RAQUEL
Vocês se lembram do desconforto que senti no café da
manhã daquele dia com os amigos de Ares?
Bom, estou sentindo algo parecido, mas muito pior.
Samy passa do meu lado e vai cumprimentando todo
mundo. Com as mãos na frente do corpo, entrelaço os
dedos e dou uma olhada em Ares, que agora também está
cumprimentando todo mundo.
E eu?
Odeio essa sensação de ser invisível, de as pessoas
agirem como se eu não existisse ou não estivesse parada
diante delas. Principalmente esse bando de riquinhos
acostumados a olhar os outros com ar de superioridade, a
julgar a roupa que você usa, se é de marca ou se está na
moda. E não, não estou generalizando, há muitas pessoas
com dinheiro que são humildes, como Dani e Apolo, mas
uma olhada superficial já basta para eu perceber como as
garotas desse grupo avaliam em detalhes minha roupa e
fazem caretas. E os garotos? Só me observam julgando se
sou bonita o suficiente para eles falarem comigo. Ser a
única menina latina entre todos só piora meu
constrangimento.
Sinto como se tivessem se passado anos, quando na
verdade foram só alguns segundos em que estou parada
aqui feito uma idiota. Tenho que me obrigar a não sair
correndo, para fugir de todos esses olhares inquisidores, e
aperto minhas mãos de nervoso.
Queria poder dizer que é Ares quem se vira e vem até
mim, mas não é. Samy foi a única que se comoveu com minha situação lamentável.

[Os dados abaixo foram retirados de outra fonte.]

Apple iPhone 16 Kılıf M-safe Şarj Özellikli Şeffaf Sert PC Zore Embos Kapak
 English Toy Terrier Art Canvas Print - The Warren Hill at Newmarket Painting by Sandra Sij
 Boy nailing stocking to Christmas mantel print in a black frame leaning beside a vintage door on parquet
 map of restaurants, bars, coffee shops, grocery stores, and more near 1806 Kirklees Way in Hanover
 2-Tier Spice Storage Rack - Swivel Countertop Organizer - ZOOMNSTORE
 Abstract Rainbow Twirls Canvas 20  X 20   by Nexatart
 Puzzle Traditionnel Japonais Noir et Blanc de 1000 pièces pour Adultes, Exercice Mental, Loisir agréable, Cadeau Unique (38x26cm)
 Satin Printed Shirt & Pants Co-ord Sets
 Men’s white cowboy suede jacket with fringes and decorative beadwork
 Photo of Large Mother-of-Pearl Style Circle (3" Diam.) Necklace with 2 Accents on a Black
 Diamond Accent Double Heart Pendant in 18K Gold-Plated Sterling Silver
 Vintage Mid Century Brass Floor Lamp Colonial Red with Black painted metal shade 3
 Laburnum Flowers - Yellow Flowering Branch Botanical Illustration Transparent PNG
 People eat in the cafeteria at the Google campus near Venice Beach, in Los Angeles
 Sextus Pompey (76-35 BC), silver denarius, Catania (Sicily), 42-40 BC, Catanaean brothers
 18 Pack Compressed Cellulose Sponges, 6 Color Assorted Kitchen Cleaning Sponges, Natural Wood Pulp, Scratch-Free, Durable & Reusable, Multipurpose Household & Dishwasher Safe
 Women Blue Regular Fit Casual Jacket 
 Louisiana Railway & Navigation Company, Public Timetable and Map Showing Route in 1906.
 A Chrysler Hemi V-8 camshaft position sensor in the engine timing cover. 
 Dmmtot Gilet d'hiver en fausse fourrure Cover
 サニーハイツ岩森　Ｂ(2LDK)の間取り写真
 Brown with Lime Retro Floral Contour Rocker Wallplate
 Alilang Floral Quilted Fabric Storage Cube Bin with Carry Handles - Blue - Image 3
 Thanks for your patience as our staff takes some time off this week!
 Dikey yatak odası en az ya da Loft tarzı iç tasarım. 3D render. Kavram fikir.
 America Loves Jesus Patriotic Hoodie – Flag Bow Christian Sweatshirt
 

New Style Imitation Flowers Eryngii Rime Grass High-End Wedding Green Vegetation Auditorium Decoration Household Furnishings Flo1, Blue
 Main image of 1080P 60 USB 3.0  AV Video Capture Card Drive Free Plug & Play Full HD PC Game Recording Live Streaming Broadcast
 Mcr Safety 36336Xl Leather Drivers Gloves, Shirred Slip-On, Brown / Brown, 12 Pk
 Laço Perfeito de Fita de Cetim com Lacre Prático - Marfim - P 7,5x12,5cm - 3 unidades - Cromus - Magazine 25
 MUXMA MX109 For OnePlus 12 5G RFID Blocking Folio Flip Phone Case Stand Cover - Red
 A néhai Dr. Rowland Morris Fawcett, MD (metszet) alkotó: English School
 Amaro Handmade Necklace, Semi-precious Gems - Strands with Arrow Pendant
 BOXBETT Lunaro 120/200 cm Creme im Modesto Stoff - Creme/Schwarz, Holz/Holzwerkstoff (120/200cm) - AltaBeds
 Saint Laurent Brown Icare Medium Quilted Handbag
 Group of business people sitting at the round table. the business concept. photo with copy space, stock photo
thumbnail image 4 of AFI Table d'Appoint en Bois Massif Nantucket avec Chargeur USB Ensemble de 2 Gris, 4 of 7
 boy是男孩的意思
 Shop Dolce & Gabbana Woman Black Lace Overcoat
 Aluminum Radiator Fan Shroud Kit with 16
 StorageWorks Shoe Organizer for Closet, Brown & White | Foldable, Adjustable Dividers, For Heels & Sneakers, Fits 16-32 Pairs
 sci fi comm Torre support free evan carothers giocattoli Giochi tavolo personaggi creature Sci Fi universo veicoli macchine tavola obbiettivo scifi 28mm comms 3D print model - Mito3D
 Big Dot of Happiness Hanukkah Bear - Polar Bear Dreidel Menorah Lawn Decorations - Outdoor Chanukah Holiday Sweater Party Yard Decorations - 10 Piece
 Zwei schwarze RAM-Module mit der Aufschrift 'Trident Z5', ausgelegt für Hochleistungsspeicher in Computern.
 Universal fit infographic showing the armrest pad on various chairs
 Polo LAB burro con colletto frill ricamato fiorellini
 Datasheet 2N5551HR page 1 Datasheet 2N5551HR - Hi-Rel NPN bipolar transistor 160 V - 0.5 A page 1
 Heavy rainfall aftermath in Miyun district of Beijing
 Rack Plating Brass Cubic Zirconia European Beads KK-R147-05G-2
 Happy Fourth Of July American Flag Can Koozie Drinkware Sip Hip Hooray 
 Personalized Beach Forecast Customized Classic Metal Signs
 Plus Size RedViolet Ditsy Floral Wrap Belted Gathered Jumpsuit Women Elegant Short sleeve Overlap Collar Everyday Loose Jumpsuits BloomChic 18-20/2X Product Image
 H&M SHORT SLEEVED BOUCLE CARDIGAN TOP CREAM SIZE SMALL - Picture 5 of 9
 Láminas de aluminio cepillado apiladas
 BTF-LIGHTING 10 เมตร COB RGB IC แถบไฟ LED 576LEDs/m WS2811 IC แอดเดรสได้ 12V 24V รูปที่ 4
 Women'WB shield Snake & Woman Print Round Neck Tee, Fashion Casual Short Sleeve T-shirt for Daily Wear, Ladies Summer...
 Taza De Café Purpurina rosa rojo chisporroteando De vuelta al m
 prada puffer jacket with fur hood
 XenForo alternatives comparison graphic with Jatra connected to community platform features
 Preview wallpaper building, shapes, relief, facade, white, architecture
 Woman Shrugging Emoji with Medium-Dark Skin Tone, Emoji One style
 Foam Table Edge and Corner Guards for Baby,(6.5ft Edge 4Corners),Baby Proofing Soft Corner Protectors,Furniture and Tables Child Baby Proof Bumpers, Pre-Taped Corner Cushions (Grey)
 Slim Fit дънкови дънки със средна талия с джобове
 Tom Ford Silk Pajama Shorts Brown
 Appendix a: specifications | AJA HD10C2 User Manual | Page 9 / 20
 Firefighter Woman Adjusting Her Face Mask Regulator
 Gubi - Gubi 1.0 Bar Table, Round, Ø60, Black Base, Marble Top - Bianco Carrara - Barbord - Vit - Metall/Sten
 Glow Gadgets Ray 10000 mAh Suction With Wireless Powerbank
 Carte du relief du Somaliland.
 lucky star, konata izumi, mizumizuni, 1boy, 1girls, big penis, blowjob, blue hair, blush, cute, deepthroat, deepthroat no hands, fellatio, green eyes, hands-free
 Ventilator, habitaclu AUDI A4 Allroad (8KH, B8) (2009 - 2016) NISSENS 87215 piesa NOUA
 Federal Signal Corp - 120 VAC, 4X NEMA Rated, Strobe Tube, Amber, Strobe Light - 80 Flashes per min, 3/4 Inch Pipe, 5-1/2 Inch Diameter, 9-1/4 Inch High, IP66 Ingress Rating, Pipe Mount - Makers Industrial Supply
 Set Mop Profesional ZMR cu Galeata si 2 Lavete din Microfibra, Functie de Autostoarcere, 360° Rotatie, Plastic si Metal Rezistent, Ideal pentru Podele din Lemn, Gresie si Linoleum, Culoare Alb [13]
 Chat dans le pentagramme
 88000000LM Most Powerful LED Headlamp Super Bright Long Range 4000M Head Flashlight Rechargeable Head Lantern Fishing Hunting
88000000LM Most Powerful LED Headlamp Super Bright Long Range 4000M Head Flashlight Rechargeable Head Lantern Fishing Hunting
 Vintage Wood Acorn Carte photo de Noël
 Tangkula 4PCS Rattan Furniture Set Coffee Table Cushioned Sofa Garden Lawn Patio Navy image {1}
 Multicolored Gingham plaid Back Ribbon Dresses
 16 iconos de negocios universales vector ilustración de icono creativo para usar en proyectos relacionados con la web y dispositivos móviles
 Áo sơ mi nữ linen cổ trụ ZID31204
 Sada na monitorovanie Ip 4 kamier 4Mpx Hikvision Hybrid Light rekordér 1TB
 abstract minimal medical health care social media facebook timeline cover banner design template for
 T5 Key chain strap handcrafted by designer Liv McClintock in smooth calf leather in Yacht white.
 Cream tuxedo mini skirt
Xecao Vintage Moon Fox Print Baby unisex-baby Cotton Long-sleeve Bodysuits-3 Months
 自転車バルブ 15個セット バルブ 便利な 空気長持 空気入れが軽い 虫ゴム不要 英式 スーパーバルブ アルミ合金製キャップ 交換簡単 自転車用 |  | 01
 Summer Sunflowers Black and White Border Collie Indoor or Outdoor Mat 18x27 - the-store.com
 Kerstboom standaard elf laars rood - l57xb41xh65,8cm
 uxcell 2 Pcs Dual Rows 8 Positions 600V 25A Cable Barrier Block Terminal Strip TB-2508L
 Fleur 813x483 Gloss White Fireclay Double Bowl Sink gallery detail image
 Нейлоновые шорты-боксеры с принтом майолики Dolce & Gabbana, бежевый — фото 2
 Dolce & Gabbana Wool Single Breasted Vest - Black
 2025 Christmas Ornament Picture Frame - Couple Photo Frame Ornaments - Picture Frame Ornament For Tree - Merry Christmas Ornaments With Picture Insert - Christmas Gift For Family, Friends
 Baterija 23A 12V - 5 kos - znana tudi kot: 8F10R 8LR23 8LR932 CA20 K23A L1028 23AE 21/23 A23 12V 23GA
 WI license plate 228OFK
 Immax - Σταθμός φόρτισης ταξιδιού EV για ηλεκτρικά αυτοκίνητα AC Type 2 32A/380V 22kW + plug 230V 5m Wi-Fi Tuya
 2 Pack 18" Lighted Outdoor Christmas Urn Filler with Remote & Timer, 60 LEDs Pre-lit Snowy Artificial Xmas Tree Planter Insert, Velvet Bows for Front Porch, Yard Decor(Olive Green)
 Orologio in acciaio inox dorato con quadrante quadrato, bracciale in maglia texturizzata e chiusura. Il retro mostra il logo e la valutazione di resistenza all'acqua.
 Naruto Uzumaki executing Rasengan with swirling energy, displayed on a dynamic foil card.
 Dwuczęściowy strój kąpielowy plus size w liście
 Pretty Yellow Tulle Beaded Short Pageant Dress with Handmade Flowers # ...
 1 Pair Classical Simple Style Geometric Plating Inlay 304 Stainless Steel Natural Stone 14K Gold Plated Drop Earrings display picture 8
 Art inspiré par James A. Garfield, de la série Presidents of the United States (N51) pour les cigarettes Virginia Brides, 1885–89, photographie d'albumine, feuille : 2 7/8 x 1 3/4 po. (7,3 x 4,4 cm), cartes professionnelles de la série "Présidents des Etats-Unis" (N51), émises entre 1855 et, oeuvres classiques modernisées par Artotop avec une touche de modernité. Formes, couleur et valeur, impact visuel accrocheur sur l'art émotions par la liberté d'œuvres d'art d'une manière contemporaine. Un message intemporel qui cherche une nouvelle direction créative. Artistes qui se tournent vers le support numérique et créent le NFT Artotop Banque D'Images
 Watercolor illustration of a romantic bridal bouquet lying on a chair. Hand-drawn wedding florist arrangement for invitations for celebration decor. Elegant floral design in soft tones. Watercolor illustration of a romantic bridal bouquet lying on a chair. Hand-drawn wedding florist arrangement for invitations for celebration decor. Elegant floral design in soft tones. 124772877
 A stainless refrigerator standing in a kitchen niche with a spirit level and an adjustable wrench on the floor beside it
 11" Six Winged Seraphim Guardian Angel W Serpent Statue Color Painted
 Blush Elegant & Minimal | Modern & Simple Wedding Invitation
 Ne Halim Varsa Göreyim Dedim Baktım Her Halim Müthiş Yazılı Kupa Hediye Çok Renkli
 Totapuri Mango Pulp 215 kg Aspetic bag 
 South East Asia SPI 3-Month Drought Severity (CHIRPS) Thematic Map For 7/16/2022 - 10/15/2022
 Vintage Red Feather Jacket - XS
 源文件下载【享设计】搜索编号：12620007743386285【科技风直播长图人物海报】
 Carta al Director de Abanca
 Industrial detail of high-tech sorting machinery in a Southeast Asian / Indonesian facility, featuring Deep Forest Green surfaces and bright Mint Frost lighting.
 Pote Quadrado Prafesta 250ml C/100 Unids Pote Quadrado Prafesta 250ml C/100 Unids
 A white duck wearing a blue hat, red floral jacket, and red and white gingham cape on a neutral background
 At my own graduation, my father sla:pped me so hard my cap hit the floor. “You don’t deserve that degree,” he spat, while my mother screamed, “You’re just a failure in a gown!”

— Vem, Raquel, deixa eu te apresentar.
Forço um sorriso simpático enquanto ela me apresenta a
todos. Há três garotas, a de cabelos pretos se chama
Nathaly, a loura a seu lado é Darla, e a outra é aquela
menina que vi na festa do time de Ares e que tomou café da
manhã conosco há algumas semanas. O nome dela é
Andrea. Há outros dois garotos, além de Gregory, Luis e
Marco. Um louro de feições árabes, que se apresenta como
Zahid, e um menino de óculos que se chama Óscar. Sei que
é possível que eu não vá lembrar esses nomes todos, mas
não importa.
Dou uma olhada em Ares, que foi se sentar perto de
Nathaly do outro lado da mesa. Tenho que me contentar em
ficar ao lado de Samy, que foi a última a se sentar; antes
dela está Óscar, e eles parecem estar falando sobre algum
show. Fico igual a uma trouxa olhando Ares, que continua
conversando animadamente com Nathaly.
Meu estômago se contrai com o peso da decepção. Foi
para isso que você me trouxe aqui, deus grego? Para me
deixar de lado e se divertir com crushes do passado?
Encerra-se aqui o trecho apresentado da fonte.